I reviewed the draft with my colleagues on the public health team, who were able to provide suggestions and input based on their own experiences with clinical research. To make sure there was an ApneBoot prototype ready to bring to the hospital when meeting with the study investigator about the proposal, I coordinated with members of BEMPU’s production team. Through this project and others I’ve worked on at BEMPU, I’ve witnessed how essential inputs from team members with different backgrounds and expertise are in making public health interventions as effective as possible.
For an organization like BEMPU, where creative minds are working every day to come up with ways to address to the maternal and child health challenges that exist in India and other low- and middle-income countries, having a well-rounded, interdisciplinary team is crucial for understanding all aspects of a problem and how to develop a solution.
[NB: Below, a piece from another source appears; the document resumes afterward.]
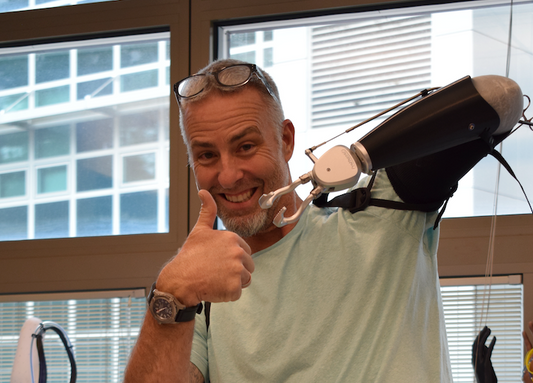 Man wearing ProHensor terminal device smiles and gives thumbs up with natural hand.
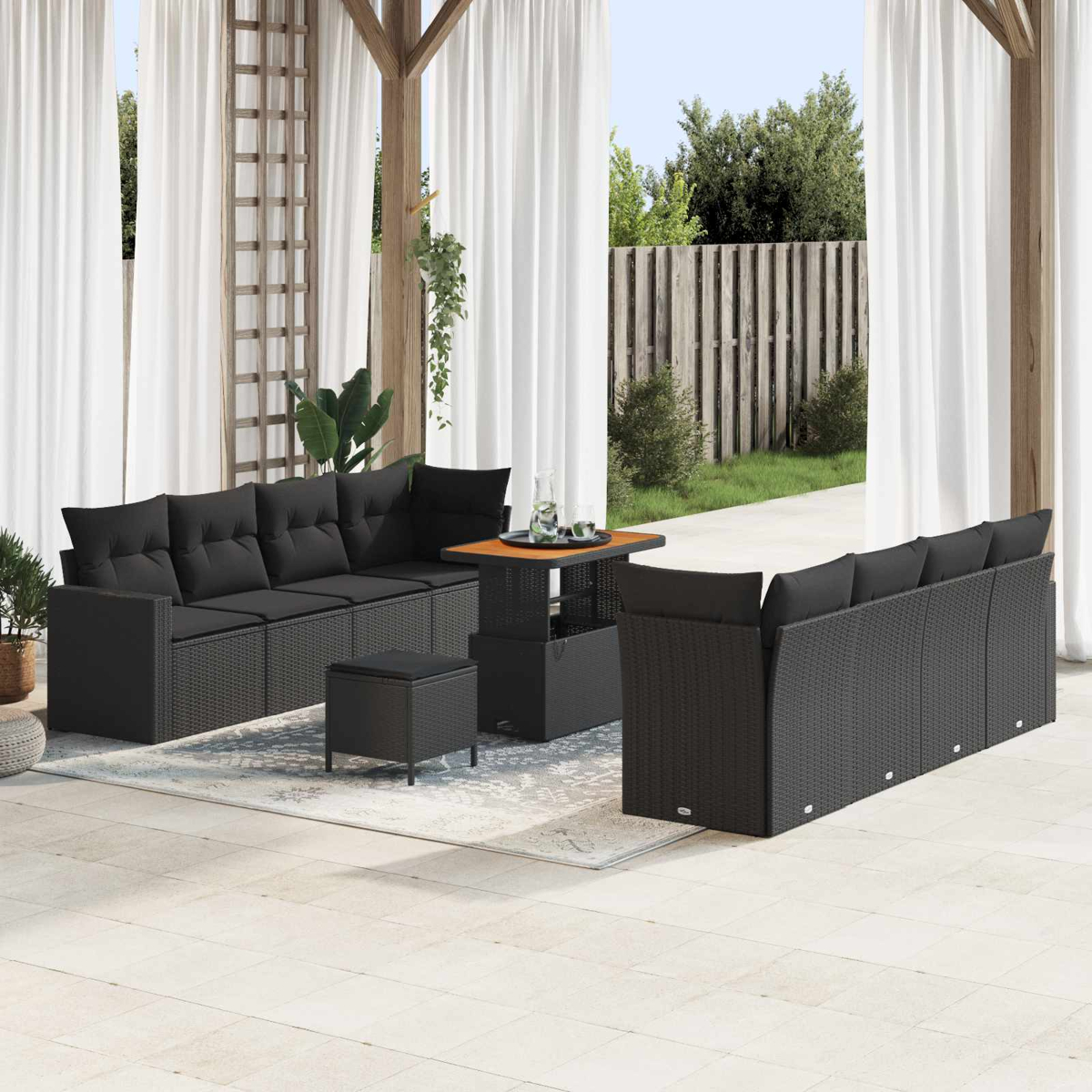 Garten-Terrassenset mit schwarzem Korbmöbel, Tisch und Hocker. Weiße Vorhänge und eine Holzstruktur im Hintergrund.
My conversations with members of BEMPU’s engineering, design, and production teams—fields I previously wouldn’t have typically seen as particularly related to public health—have offered some of the most meaningful insight I’ve gained this year on India’s public health challenges and how a wide range of work can contribute to solving them. Understanding more about these fields has been exciting for me, as I hadn’t previously been exposed much to engineering, design, and production.
Seeing the value of interdisciplinary work in public health has been one of my most important takeaways from this year, and I will strive to continue to approach public health through an interdisciplinary lens moving forward.